About this task:
Go through the entries below, tally each line with the string "Balloon", and give the final number by itself.

Data excerpts:

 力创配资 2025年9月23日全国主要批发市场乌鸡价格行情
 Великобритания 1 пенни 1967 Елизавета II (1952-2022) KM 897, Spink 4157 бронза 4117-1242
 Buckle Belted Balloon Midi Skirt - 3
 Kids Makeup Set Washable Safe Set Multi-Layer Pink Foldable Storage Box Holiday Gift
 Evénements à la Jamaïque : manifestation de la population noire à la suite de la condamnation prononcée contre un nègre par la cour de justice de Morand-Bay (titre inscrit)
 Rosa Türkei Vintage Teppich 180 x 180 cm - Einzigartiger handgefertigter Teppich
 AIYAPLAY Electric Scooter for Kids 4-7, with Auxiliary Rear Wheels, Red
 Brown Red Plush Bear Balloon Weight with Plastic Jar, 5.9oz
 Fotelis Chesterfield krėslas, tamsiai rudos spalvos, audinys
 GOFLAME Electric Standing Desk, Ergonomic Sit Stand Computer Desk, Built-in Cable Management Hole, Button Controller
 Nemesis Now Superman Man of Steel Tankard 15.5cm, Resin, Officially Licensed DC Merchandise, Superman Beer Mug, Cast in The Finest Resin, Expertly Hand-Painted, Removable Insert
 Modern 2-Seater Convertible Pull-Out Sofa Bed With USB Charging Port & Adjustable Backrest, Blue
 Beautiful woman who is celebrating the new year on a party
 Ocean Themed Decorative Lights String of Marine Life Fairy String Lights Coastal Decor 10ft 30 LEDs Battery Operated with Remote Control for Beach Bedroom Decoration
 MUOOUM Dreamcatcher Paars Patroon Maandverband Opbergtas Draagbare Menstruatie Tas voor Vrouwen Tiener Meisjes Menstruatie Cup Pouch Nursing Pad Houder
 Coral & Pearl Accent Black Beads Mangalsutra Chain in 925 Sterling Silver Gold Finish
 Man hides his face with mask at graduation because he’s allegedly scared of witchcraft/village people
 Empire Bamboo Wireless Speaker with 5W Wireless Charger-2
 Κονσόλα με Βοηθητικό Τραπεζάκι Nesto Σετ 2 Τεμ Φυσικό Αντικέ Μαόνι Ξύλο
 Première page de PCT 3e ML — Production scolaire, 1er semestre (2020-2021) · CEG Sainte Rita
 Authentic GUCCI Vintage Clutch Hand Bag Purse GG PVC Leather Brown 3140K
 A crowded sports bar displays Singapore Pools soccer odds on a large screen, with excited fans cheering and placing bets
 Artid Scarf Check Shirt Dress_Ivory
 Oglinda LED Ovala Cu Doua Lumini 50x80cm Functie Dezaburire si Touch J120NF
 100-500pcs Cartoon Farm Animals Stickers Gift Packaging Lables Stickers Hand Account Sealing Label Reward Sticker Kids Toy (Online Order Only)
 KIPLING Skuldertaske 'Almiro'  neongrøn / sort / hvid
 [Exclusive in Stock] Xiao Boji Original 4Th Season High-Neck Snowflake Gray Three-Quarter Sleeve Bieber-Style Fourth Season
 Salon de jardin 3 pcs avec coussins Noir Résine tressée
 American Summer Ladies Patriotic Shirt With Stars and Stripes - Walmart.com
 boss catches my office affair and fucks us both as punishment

Task answer:
2